Inverted Index Construction
Building an inverted index: Tokenization: split text into tokens (words). “The quick brown fox” → [“the”, “quick”, “brown”, “fox”]. Normalization: lowercase, remove punctuation, expand abbreviations. Stop word removal: remove high-frequency low-information words (“the”, “a”, “is”) — they would appear in nearly every posting list, wasting space and query time. Stemming/Lemmatization: reduce words to their root form (“running” → “run”, “better” → “good” for lemmatization). Posting list construction: for each term, record the list of (document_id, term_frequency, positions) tuples. Sort by document_id for efficient set operations (intersection, union).

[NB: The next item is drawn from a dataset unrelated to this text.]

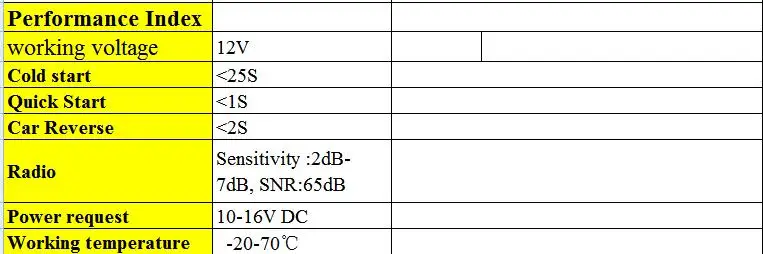 Best 10.1" Car Multimedia System Car DVD GPS For Mitsubishi ASX  Support steering wheel control 1GbRam 4-core WIFI DVR 3G 1024*600 5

Store term frequency and position data for ranking and phrase queries.
# Inverted index structure example
inverted_index = {
"quick": [(doc_id=1, tf=2, positions=[3,17]), (doc_id=5, tf=1, positions=[8])],
"brown": [(doc_id=1, tf=1, positions=[4]), (doc_id=3, tf=2, positions=[1,22])],
"fox": [(doc_id=1, tf=1, positions=[5]), (doc_id=3, tf=1, positions=[23])],
}
# Boolean AND query: "quick AND fox"
# Merge posting lists: docs containing both "quick" AND "fox"
# quick: [1, 5] fox: [1, 3]
# Merge (linear scan since both sorted): [1] → doc 1 matches
# Phrase query: "quick fox" (must be adjacent)

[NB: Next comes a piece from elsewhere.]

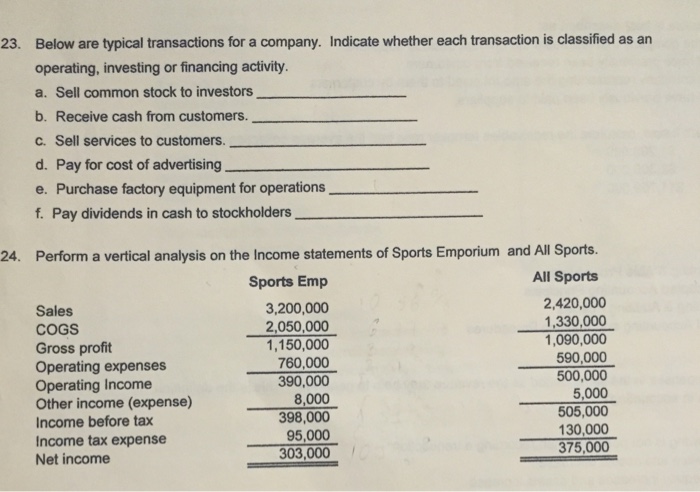  23. Below are typical transactions for a company. Indicate whether each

# From quick: doc 1, positions [3, 17]
# From fox: doc 1, positions [5]
# Check if any position of fox = position of quick + 1: 5 != 3+1=4 and 5 != 17+1=18
# No phrase match for "quick fox"
# Lucene segment structure:
# Each segment is an immutable inverted index shard
# New documents go to an in-memory buffer (IndexWriter)
# Periodically flushed as a new segment (segment_N)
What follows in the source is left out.